Was das heißt? Wenn also ein Deutscher nicht zufällig aus einer Familie und einem Bekanntenkreis stammt, in dem man bereits konservative Zeitungen liest, wenn man nicht zufällig einem intellektuellen Gesprächskreis, einer politischen oder kulturellen Vereinigung, in der man sich gegenseitig auf interessante Publikationen hinweist, angehört – wie soll man dann auf solche Publikationen stoßen – wenn nicht im Fachhandel?

Es gibt ein einfaches und vom Publikum richtig verstandenes Gesetz: Das, was man in einer Buchhandlung oder im Zeitschriftenhandel sieht, durchblättern und kaufen kann, ist diskutabel, wird diskutiert und mit dem muß man sich hin und wieder auseinandersetzen.

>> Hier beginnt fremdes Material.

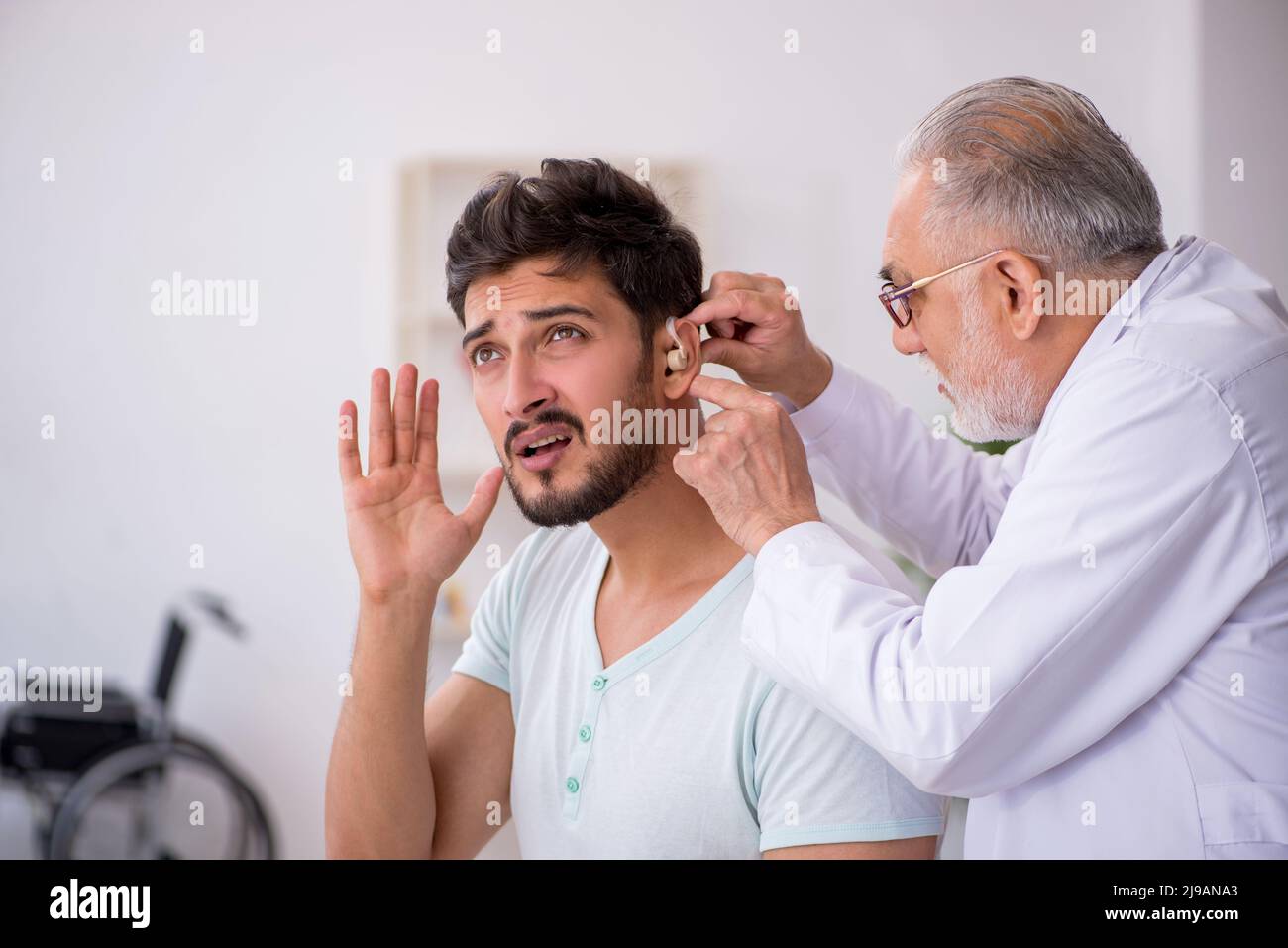 Giovane paziente con problemi di udito visita dottore otorinolaringologo Foto Stock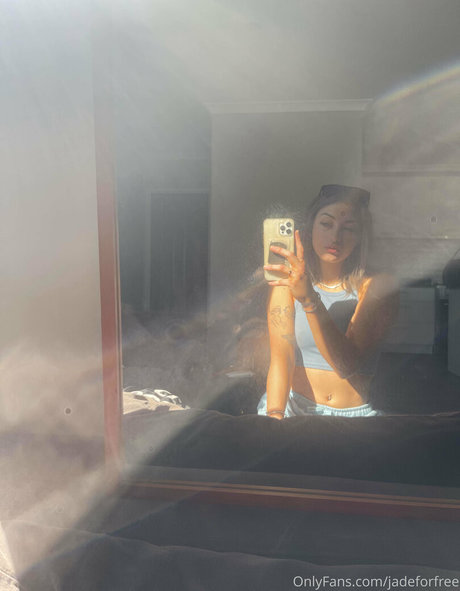 jadesfree sexy model photo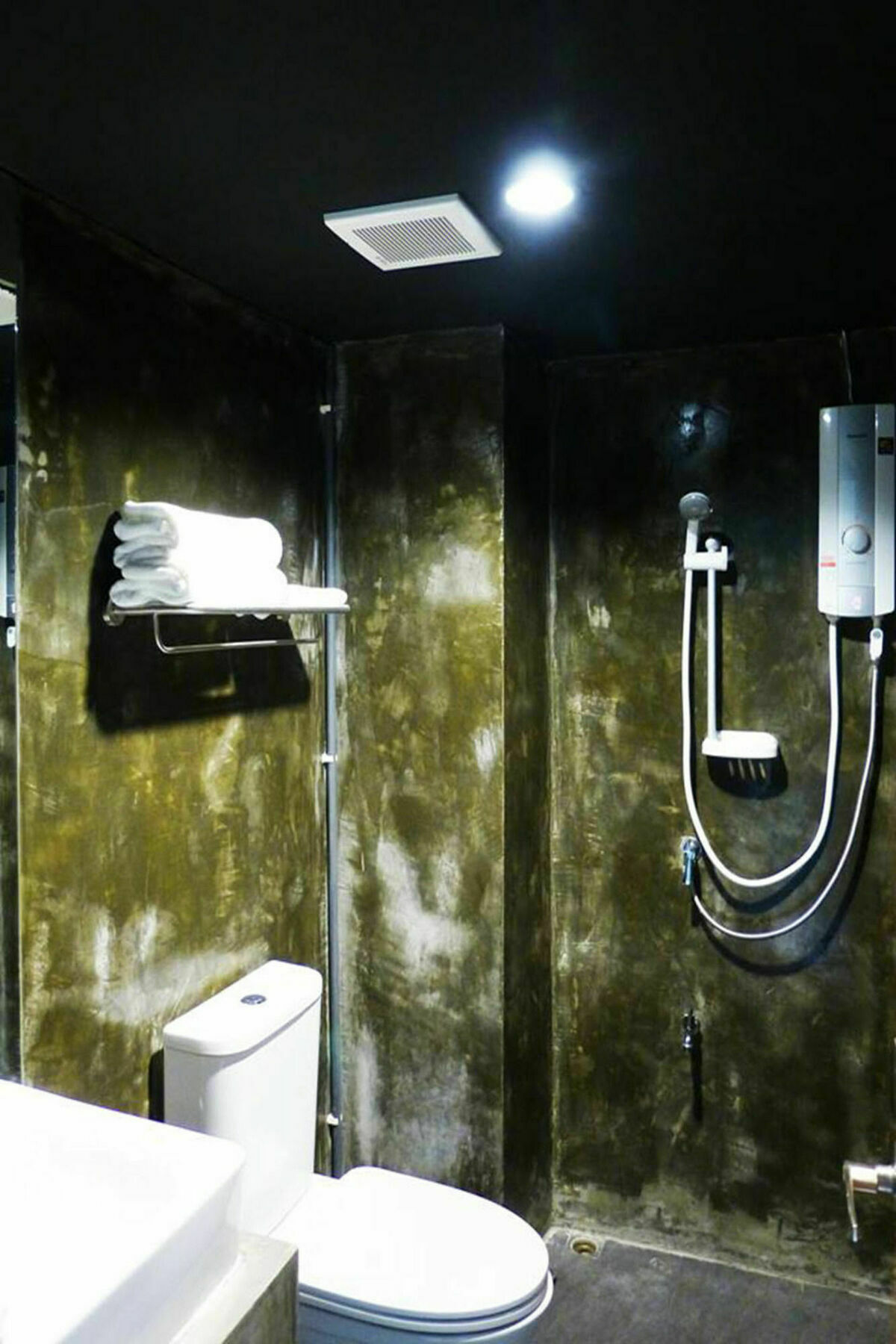 B Arch House Hotel Chiang Mai Bagian luar foto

Liest man beispielsweise in einer Zeitung einen kritischen Bericht über die junge freiheit, so macht man sich auf die Socken. Man geht von Buchhandlung zu Kiosk und schaut, wo dieses Blatt zu kaufen ist. Wenn man nun nicht darauf stößt, wird man sich nie eine eigene Meinung bilden können.

Und was ist mit dem Reisenden, der in einer Bahnhofsbuchhandlung nach etwas Lesbarem stöbert? Wird er auf eine Zeitung treffen, die mal etwas anderes publiziert als das, was Großverlage karnickelhaft in allen Regenbogenfarben gebären?

Das öffentliche Erscheinen einer bedeutenden Zeitung hängt existentiell mit der offenen Präsenz am Kiosk zusammen. Eine Zeitung, die der Normalbürger nicht über den Kiosk zu Gesicht bekommt, ist nicht diskutabel, nicht vorzeigbar
im wahrsten Sinne des Wortes.

Die junge freiheit, ihre Macher und ihre Leser wollen darum kämpfen, daß geistige Freiheit in Gestalt dieser Zeitung nicht unter die Räder gerät. Es ist keine Lappalie, daß die junge freiheit unter diesen entwürdigenden Umständen verkauft wird. Angesichts einer übersättigten und uniformierten Gesellschaft ehrt und adelt uns der aufwendige und pompöse Kampf, der gegen unser kleines Wochenblatt betrieben wird. Es zeigt, daß die junge freiheit offensichtlich ein Stachel im Fleisch von denjenigen ist, die unter Demokratie eine Art "antifaschistisch"-totalitäre Befehlsausgabe verstehen.